They gave Modi a walkover

They gave Modi a walkover

Modi has a map for the future. Regional chieftains only have a Tughlaqesque politics.

The BJP has understood the reality of India’s changing society. An organisation that was considered Brahmin-centric put up a backward caste leader like Narendra Modi as its prime ministerial candidate.
The BJP has understood the reality of India’s changing society. An organisation that was considered Brahmin-centric put up a backward caste leader like Narendra Modi as its prime ministerial candidate.

By: Shivanand Tiwari

The results of the Haryana and Maharashtra assembly elections sound a warning for regional parties. In Maharashtra, the BJP did have an organisational base. But in Haryana, it had nothing. In that state, it hadn’t ever bagged more than six seats. What could be the reason, then, for such incredible outcomes in these two states? To begin with, it seems that the voters now seek change not just at the Centre but also in the state. They feel that having a government of the same political colour at the Centre and in the state is necessary for development, that both governments will then cooperate to take the state forward and there will be no conflict between them. But that is not the only reason for the aspiration for change that is visible in the states today.

Ever since 1967, we have had the phenomenon of the state and Central governments being of different political hues. But the big transformation came after 1990, with the implementation of the Mandal Commission report. The Congress dug its own political grave in north India with its opposition to Mandal — it was more or less decimated in Uttar Pradesh and Bihar. At the same time, upper caste dominance of the politics of north India waned. After the V.P. Singh government brought in Mandal, the BJP acquired an anti-Muslim and anti-backward image because it pulled out support from the government and L.K. Advani set out on the rath yatra to Ayodhya on the Ram Mandir issue. That is the reason why, till the last Lok Sabha elections, the BJP’s very existence in UP seemed endangered as power alternated between Mulayam Singh Yadav and Mayawati. In Bihar, it was mainly with the support of Nitish Kumar’s backward caste base that the NDA could form the government in 2005 after displacing a strong leader like Lalu Prasad.

After the Maharashtra and Haryana verdicts, however, the future of these regional chieftains of an earlier time has come under discussion. Can they hold up before the Modi wave? The reason for scepticism about these leaders becomes clear if you look carefully at their style of functioning. Each and every one of them runs his respective party and government in Tughlaqesque ways. Their word is law. They have nurtured neither party organisation nor policy.

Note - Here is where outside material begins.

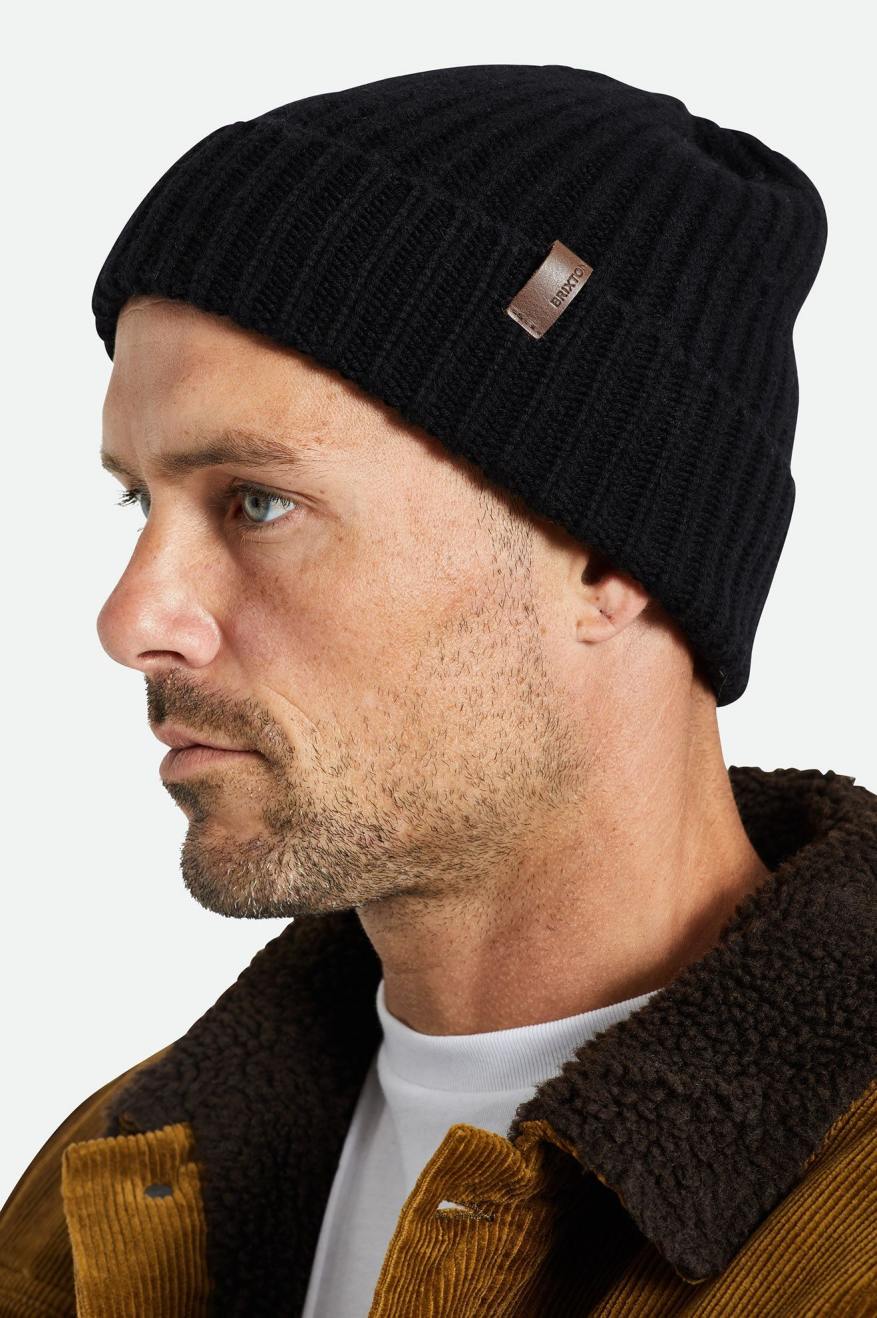 Bonnet Brixton Heist Reserve Cashmere Homme Noir | 05CPHZXEF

In the name of social justice, they have only flaunted backwardism, and a Congress-style Muslim vote bank politics has passed for secularism. The worst hunger, malnutrition and poverty is to be found in the sections these leaders have turned into captive vote banks in order to perpetuate themselves in power. It is true that these sections have got some space in society because of the social justice movement. But they now need economic justice. They also have a yearning to improve their own economic circumstances. Their younger generation has not seen upper caste sway and exploitation in the same way. A consumerist culture has changed the way they dream. But the agenda of those who have ruled for 24-25 years on the strength of their vote has not changed. The “secularism” of these parties is alienating Hindus. The result is that in the recent Lok Sabha elections, a large number of Hindus voted as Hindus.


On the other hand, the BJP and the Sangh have understood the reality of India’s changing society and an organisation that was considered Brahmin-centric put up a backward caste leader like Narendra Modi as its prime ministerial candidate. Modi is not an ordinary man. The journey of this man, who began earning his living by selling tea, to the prime minister’s chair is no less than that of the hero of a novel. I had warned Nitish that Modi is not an ordinary man, he must not be underestimated. In return, he not only turned me out of the Rajya Sabha, but also expelled me from the party. This is the Tughlaqesque style of running party and government.

Nitish lacks the judgement and even the courage to take the right step at the right time. Ahead of the 2010 assembly elections in Bihar, when Modi had come to Patna for the BJP national executive, Nitish had withdrawn his dinner invitation to the BJP at the last minute. No one had expected such discourtesy from one who is known to be civil in his conduct. Yet the most surprising thing was that even after that episode, he continued to be part of the NDA. If at that time, Nitish had separated from the NDA and fought the assembly election on his own, the situation would have been very different. The Lok Sabha results from Bihar have confirmed that Nitish is in a world of his own. He has lost touch with ground reality.

The political character of Uttar Pradesh and Bihar is similar. In both states, only casteism and Muslim vote bank politics have been practised in the name of social justice and secularism. The fact that Modi belongs to a backward caste has punctured the balloon of these so-called leaders of social justice. The BJP’s large victory in the Lok Sabha polls would not have been possible without the support of backward castes to the party. In the same way, post-poll surveys tell us that about 8 per cent of the Muslim vote, nation-wide, went to the NDA. In my estimation, this must certainly have happened in the Maharashtra election as well.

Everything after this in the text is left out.